Antifungal Peptides: Elucidating their Mode of Action via molecular Dynamics Simulations

Increasing fungal resistance to fungicides prompt the urge for developing new antifungal peptides (AFP). This computational study aims the elucidation of mode of action of two parental AFPs as well as a large set of novel chimera peptides. Specifically, we will identify interaction hot spots with the fungal membrane by performing classical all-atom molecular dynamics simulations using enhanced sampling algorithms of large fungal membranes – AFP complexes.

Pathogenic fungi have become a major threat with a constant increase in the mortality rate among humans and also by causing a vast damage to the food and agricultural industries. Another emerging issue to be consider is a limited number of approved drugs and constant development of antifungal resistance against the frequently used fungicides, therefore, creating an urge for developing novel pragmatic strategies for combating fungal growth and development. Interestingly, the small antifungal protein (AFP from Aspergillus giganteus) belonging to a group of filamentous Ascomycetes turns out to be an effective and a highly potential inhibitor against the fungal pathogens. These small peptides of 6kDa having a potentially stable intramolecular disulfide bonds, predominant β-sheets and a net cationic charge found to play a crucial role in precluding the spore germination via disruption of the fungal membrane integrity without affecting mammals and plants. Thus, AFPs emerges as a most promising lead compound in the development of novel antifungal peptides. 

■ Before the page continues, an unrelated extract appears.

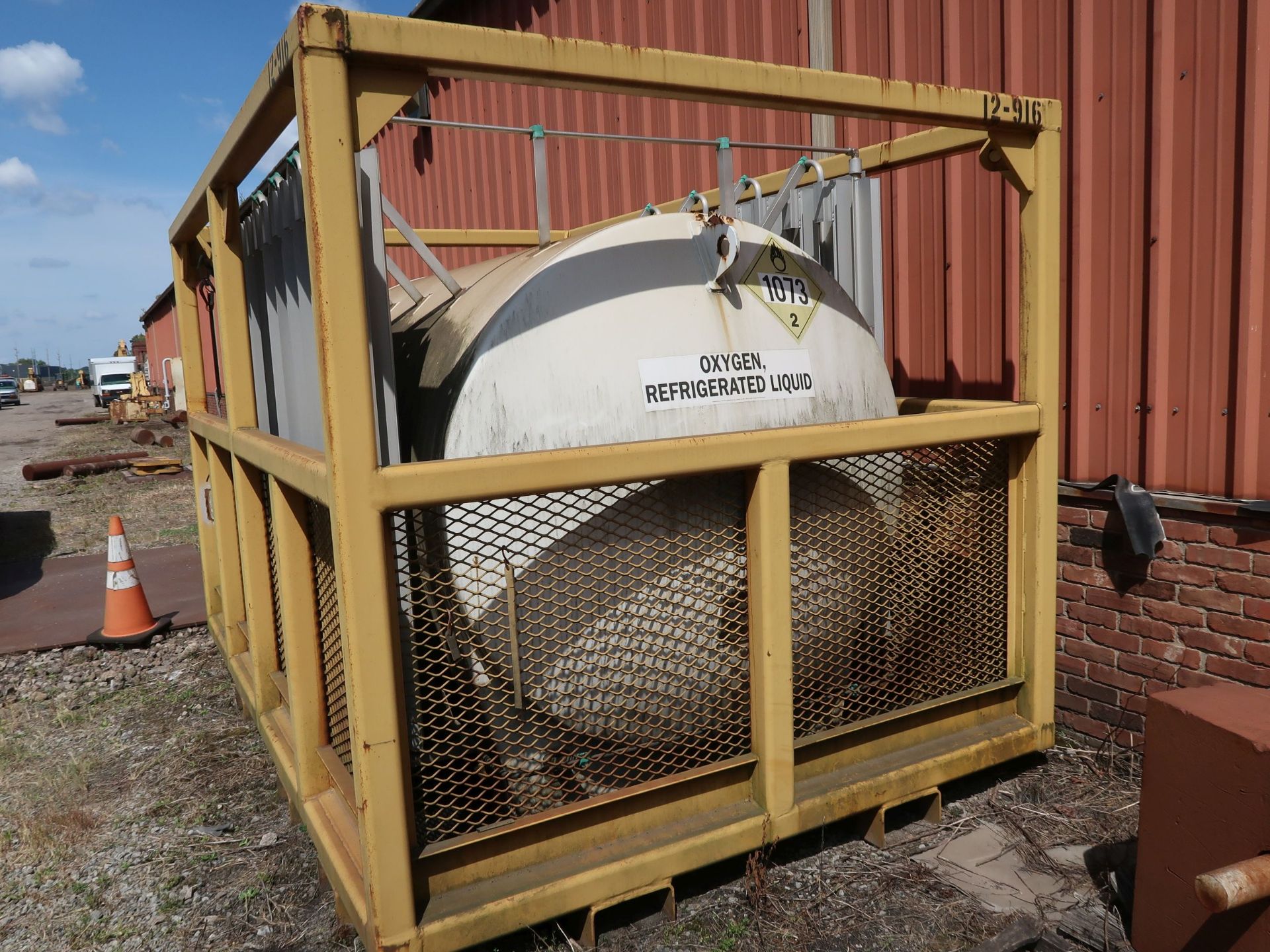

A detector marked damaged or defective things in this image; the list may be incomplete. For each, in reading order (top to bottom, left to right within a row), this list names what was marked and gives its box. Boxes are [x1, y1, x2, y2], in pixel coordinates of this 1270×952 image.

rusty steel pipe [21, 452, 148, 479]
rusty steel pipe [62, 460, 131, 476]
rusty steel pipe [1196, 857, 1270, 915]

In our current study, we try to identify the potential binding modes of the two  parental AFPs (i.e) PAF from Penicillium chrysogenum and AnAFP from Aspergillus niger to the fungal membrane at the atomic level. Besides, we also investigate the rationally designed library of chimeric AFP’s (cAFP’s) resulting from the combination of amino acid sequences of parental peptides AFP, PAF and AnAFP. Gaussian accelerated molecular dynamics simulation using CHARMM36 force fields are well suited for studying the system size of more than 360k atoms, by having four isoforms of each of the AFP and cAFP’s peptides above the fungal membrane surface to identify the potential binding modes of AFP’s and cAFP’s. Such a setup helps to investigate for any potential protein-protein aggregation and also provides a better statistics for the analysis without an increase in the simulation timescale of milliseconds. The expected results from this study is to identify the crucial molecular moieties contributing for a strong AFP and cAFP’s binding to the fungal membrane and whether these moieties can be combined into a single chimeric peptide without affecting the β-barrel secondary structure of the AFP peptides and to test their efficacy. This study also helps in probing for any potentially interesting effects on the fungal membrane upon AFP binding.